=== TASK PROMPT ===
Transcribe each entry exactly, without pictures.

== Segment start ==

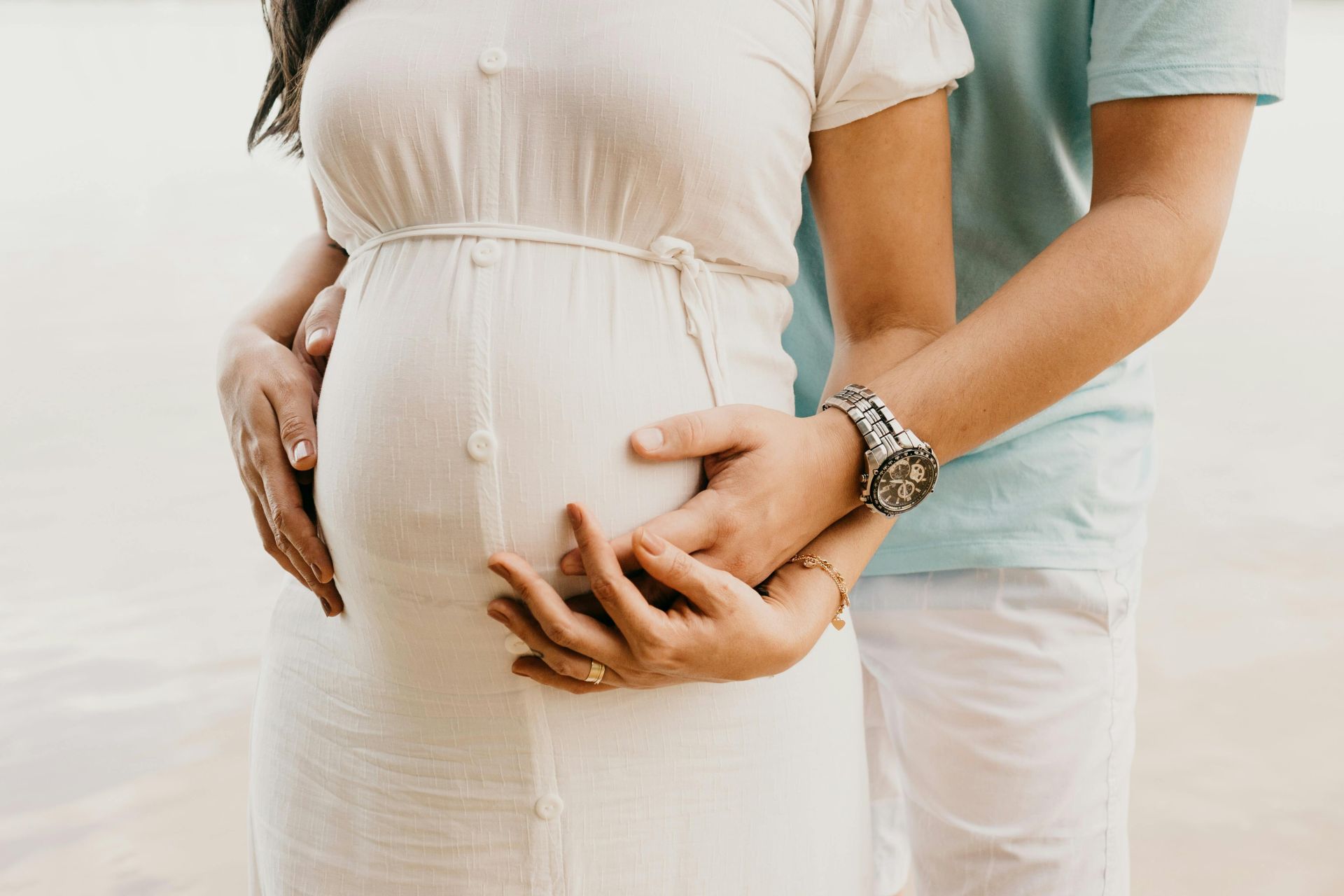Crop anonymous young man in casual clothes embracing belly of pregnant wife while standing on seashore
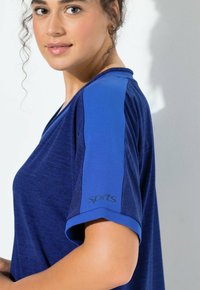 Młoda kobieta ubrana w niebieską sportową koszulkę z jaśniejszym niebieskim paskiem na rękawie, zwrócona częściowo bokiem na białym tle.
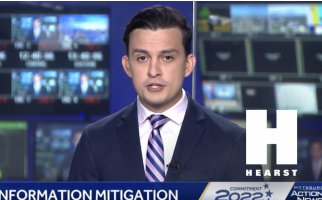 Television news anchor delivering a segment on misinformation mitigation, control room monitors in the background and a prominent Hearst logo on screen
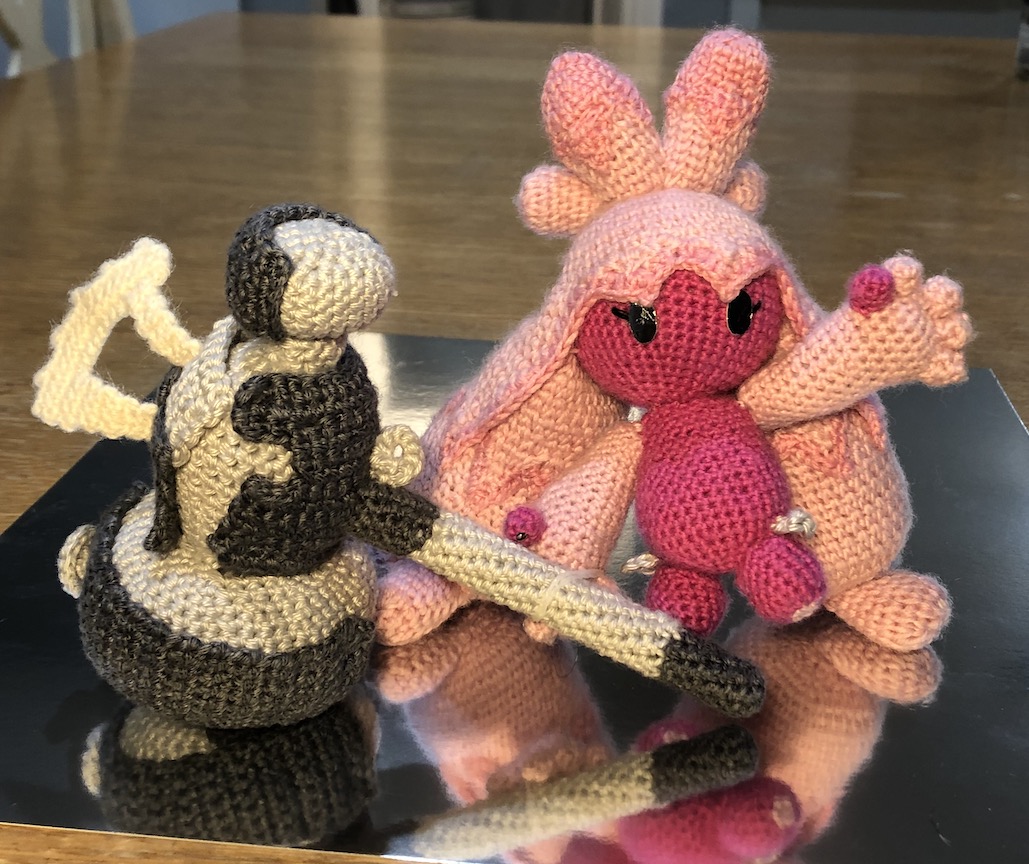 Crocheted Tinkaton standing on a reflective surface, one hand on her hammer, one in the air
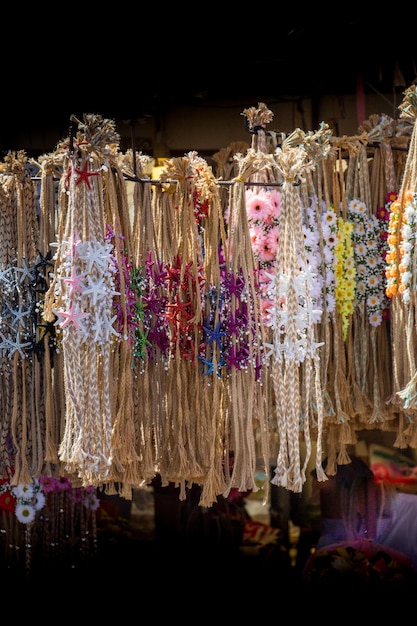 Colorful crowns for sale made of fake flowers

== Segment end ==

=== EXERCISE RESULT ===
Crop anonymous young man in casual clothes embracing belly of pregnant wife while standing on seashore
 Młoda kobieta ubrana w niebieską sportową koszulkę z jaśniejszym niebieskim paskiem na rękawie, zwrócona częściowo bokiem na białym tle.
 Television news anchor delivering a segment on misinformation mitigation, control room monitors in the background and a prominent Hearst logo on screen
 Crocheted Tinkaton standing on a reflective surface, one hand on her hammer, one in the air
 Colorful crowns for sale made of fake flowers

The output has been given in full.